A economia do Brasil em 2021 deve ser no estilo ‘nem tanto ao céu, nem tanto à Terra’

É difícil vislumbrar uma recuperação econômica em formato “V” com a sinalização confusa do governo que, de alguma forma, deixa a confiança desconfiada

  • Por Fernanda Consorte
  • 06/10/2020 12h42
Arquivo/Agência Brasil Moedas espalhadas em cima de uma superfície de cor clara Vacina contra a Covid-19 pode trazer esperança para a economia brasileira

Dizem que uma das grandes funções do economista é prever o futuro de um país, de uma região. Não à toa, durante alguns semestres na faculdade e cursos complementares (mestrado, no meu caso), passamos semestres aprendendo a rodar modelos que nos indiquem para onde vão determinadas variáveis. O pulo do gato, aqui, é que diferentemente de quem lê o tarô e lhe é supostamente concedida uma intuição, economistas se provêm de algo mais frugal, que são as hipóteses. Todos os modelos econométricos, dos mais simples aos mais sofisticados, são recheados de hipóteses. O que, pensando bem, pode ser gerado através de intuição.

E diante da combinação de intuição e experiência (cerca de 15 anos de estrada) que divido com vocês o que acho que deve ser um cenário base para Brasil em 2021. Minha principal hipótese parte da vacina da Covid-19. No meu cenário, temos uma vacina vitoriosa que chegará ao menos em parte da população mundial no primeiro trimestre de 2021, trazendo com ela a confiança: a mesma que fará com o que mundo volte ao normal, que tenhamos eventos, que faça as crianças irem tranquilamente às escolas, e a economia tenha espaço para voltar a pulsar.

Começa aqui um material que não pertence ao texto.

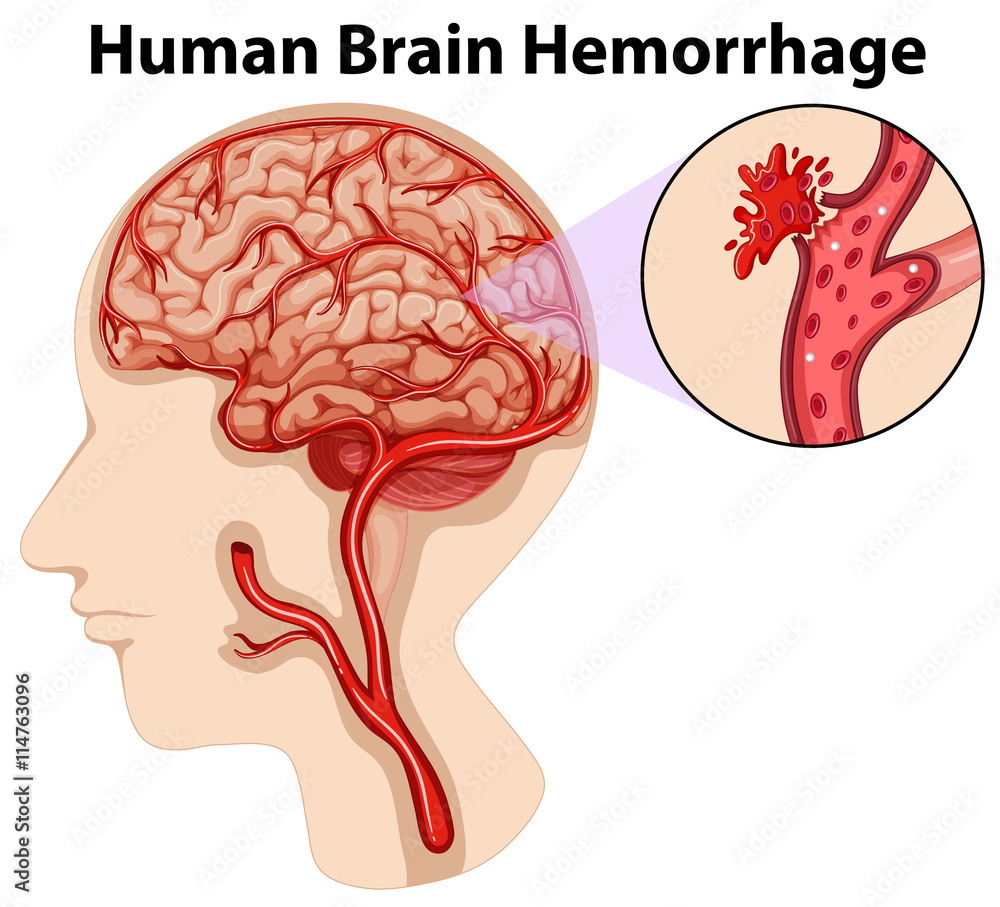Diagram of human brain hemorrhage Stock Vector Adobe Stock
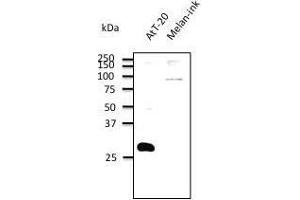 Anti. (RAB27B anticorps  (C-Term))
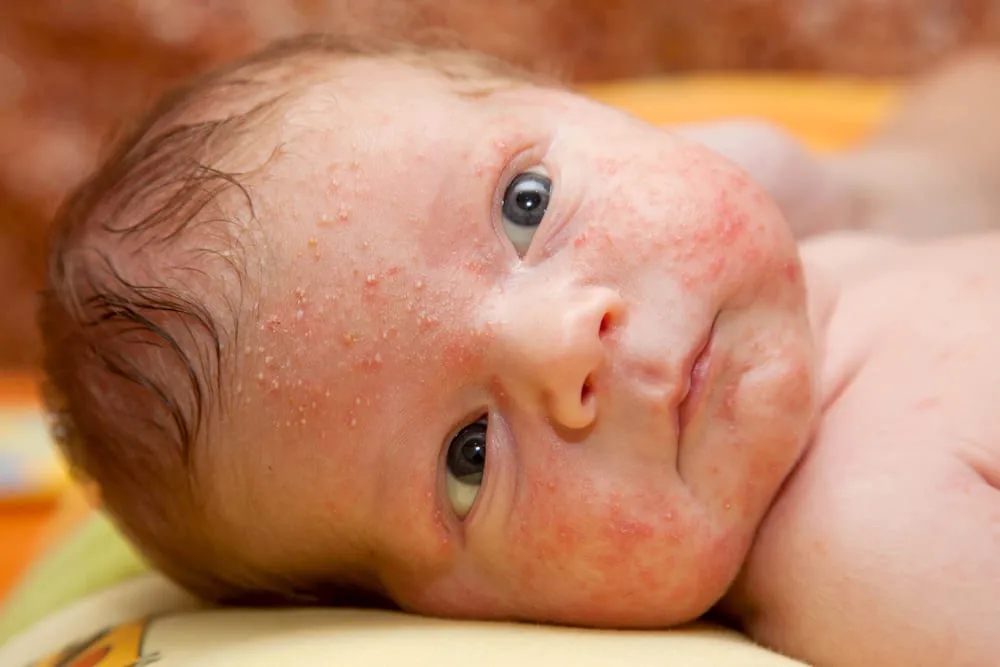 Afla ce este acneea bebelusului, cum si cand se manifesta, de ce apare si la ce metode de ingrijire si tratament poti apela! Citeste acum articolul!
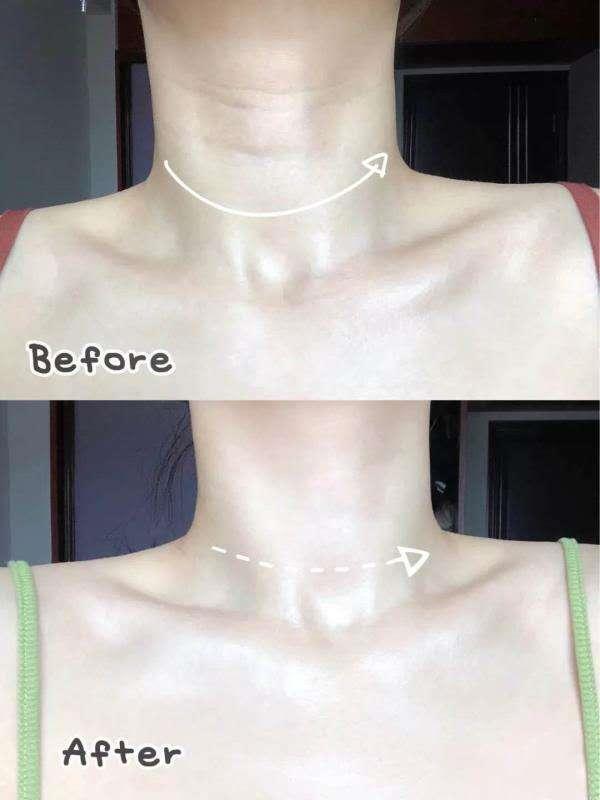 抗衰老蜗牛,蜗牛护肤品抗皱抗衰老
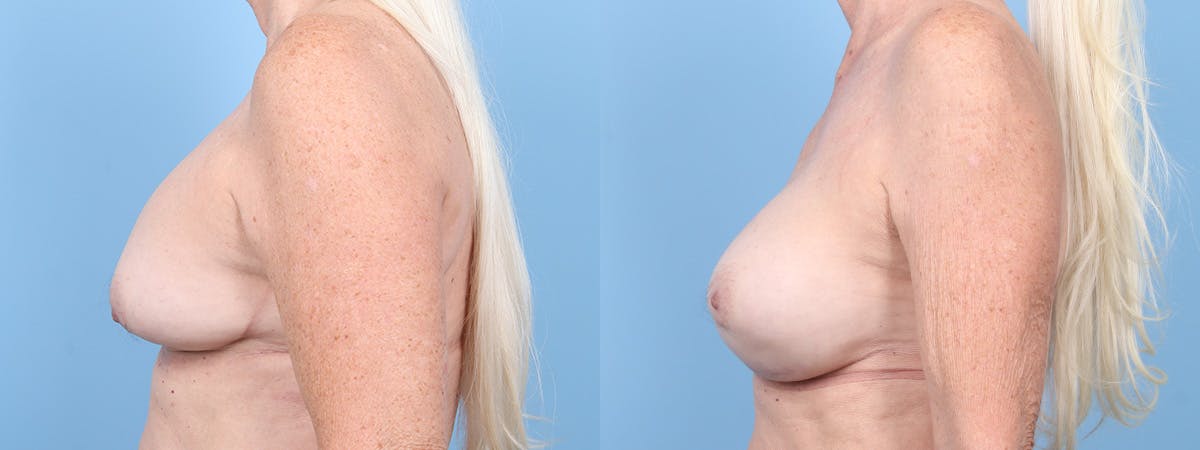 Implant Revision Before & After Gallery - Patient 278826 - Image 5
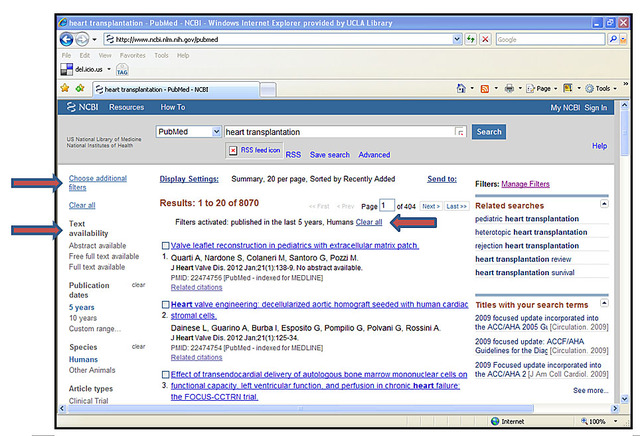 empezamos a navegar por internet  atraves de la linea telefonica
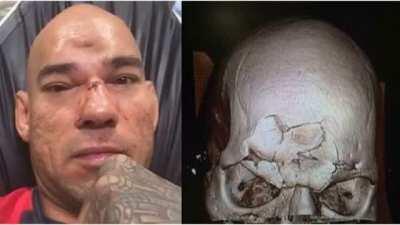 MMA fighter gets his skull caved in from a flying knee. The sound of it will stay with you for life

Mas não só de rosas vive esse cenário. Com a economia mundial focada em sua recuperação econômica, China ganha de novo o protagonismo na demanda externa, aversão ao risco deve diminuir drasticamente, abrindo espaço para investimentos nos países emergentes. Daí cabe a esses países contarem boas histórias, e é aqui que o Brasil pode ficar menor colorido. O mundo liberal exige, em primeiro plano, um compromisso com as contas fiscais, mesmo após um ano de gastos altamente justificados. Sairemos de 2020 com uma dívida pública de cerca de 100% do PIB, e outros emergentes também terão aumentos similares. Contudo, os países que se empenharem nesse quesito, podem levar mais recursos estrangeiro que têm de sobra por aí após essa crise. 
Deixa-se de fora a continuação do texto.